Kantar's studies indicated that consumers expressed feelings of sadness and helplessness related to the Gulf of Mexico oil spill, and worry that they could feel its effects in the form of more expensive fuel and seafood.
Retailers in the meantime eked out slight gains in spending during the month of June, helped in part by a late Memorial Day holiday.
A weighted composite of 31 retailers reporting monthly sales results for the five weeks that ended July 3 showed a same-store sales gain of 3.2% — up from 2.7% in May and well ahead of a 4.7% decline in June of last year.
“The June results are positive, but the recovery in retail sales will be challenged in the coming months as long as doubts grow among shoppers,” said Frank Badillo, senior economist at Kantar.
The U.S. Department of Commerce last week in its monthly advance report noted that grocery store sales increased by 1.3% compared with June of last year, but fell 0.6% from May.

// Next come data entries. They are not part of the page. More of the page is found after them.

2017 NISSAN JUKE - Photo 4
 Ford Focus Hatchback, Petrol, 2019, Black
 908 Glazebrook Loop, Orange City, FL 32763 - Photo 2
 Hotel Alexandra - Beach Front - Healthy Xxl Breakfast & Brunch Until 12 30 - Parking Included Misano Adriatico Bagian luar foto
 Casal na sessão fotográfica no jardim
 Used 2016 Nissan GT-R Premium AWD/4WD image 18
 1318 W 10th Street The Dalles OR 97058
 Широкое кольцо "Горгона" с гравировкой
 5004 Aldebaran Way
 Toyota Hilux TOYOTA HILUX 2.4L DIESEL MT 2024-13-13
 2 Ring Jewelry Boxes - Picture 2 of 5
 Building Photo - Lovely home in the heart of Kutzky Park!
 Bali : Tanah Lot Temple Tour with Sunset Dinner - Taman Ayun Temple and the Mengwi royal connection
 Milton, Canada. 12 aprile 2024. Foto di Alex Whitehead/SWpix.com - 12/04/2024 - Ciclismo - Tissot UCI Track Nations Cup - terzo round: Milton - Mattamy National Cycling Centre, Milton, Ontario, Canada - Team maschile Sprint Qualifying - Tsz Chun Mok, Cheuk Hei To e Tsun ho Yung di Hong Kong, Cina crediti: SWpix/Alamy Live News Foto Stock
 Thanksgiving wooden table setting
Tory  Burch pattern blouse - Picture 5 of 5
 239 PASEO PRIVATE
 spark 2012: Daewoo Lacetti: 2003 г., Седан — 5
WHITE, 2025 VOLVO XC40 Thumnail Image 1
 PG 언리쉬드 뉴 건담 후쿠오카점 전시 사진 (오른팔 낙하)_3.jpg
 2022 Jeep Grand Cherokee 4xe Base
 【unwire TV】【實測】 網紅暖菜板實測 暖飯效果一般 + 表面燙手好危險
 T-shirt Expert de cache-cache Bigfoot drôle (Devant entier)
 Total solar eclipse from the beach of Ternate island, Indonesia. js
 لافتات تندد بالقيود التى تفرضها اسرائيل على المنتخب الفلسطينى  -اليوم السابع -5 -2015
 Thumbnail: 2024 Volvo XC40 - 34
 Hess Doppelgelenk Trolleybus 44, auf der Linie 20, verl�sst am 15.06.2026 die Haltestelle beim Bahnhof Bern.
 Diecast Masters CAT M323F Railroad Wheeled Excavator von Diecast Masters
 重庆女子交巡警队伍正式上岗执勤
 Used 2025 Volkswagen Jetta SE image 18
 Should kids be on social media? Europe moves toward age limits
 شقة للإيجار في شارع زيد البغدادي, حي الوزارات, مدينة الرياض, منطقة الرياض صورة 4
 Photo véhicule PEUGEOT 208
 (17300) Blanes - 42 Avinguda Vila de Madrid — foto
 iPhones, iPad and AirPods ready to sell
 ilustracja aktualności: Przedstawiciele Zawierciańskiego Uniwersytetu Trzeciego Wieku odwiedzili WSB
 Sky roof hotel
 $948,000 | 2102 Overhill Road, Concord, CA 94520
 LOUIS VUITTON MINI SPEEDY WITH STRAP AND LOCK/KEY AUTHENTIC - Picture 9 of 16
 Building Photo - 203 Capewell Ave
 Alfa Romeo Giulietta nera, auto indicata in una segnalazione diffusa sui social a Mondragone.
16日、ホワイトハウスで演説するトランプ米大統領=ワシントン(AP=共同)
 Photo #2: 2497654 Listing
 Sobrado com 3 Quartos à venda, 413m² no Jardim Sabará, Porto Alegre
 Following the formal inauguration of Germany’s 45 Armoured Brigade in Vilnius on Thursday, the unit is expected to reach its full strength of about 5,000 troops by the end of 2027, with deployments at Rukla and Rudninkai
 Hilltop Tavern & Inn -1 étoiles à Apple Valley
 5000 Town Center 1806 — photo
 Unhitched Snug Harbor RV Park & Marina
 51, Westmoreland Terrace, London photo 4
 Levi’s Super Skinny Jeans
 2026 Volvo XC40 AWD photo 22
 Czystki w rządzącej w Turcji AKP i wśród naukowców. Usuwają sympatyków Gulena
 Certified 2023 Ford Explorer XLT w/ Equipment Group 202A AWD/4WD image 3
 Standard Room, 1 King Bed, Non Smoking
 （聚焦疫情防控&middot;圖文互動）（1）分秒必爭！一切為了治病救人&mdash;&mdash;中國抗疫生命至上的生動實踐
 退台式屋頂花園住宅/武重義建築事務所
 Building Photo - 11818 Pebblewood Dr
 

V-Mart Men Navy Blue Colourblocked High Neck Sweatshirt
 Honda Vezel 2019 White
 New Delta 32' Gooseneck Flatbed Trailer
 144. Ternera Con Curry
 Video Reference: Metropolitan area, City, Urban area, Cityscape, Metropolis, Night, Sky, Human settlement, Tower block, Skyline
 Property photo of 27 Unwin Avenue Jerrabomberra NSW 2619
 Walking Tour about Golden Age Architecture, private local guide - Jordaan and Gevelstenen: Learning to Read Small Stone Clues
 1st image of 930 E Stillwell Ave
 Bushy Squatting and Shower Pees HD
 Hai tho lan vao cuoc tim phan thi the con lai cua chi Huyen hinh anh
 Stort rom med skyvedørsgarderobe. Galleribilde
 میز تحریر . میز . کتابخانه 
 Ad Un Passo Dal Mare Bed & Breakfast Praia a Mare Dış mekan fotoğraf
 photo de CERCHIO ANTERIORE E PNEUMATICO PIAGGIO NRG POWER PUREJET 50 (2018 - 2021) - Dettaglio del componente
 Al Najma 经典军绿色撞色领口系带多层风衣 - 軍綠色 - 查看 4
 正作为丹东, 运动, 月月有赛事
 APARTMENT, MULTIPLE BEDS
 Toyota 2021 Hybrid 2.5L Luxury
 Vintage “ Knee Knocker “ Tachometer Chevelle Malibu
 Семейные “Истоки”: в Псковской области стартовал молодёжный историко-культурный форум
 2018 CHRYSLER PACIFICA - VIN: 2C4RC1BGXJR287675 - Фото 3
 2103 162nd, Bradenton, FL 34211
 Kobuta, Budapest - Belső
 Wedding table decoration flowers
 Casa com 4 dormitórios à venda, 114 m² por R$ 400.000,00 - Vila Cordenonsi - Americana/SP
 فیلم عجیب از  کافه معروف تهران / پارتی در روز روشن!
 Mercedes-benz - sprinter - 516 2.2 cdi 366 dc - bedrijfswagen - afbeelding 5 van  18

Some observers noted opportunity amid the sluggishness. Kantar said its survey indicated that the percentage of consumers planning to increase back-to-school spending (21%) exceeds those planning to spend less this year (19%).
Northbrook, Ill.-based consultant DSR Marketing Systems in the meantime noted the slow economic recovery could provide numerous opportunities for food retailers.
DSR in a report last week highlighted the need for retailers to look for opportunities beyond just waiting for inflation to return. “Significant inflation is no sure thing in the present economic environment,” noted author David S. Rogers, president of DSR.
However, he said opportunities should abound for those who pursue hard discount concepts; fight to win “meal solution” trips that might otherwise go to restaurants; and provide value in areas where consumers are prepared to pay premium prices — such as natural and organic foods.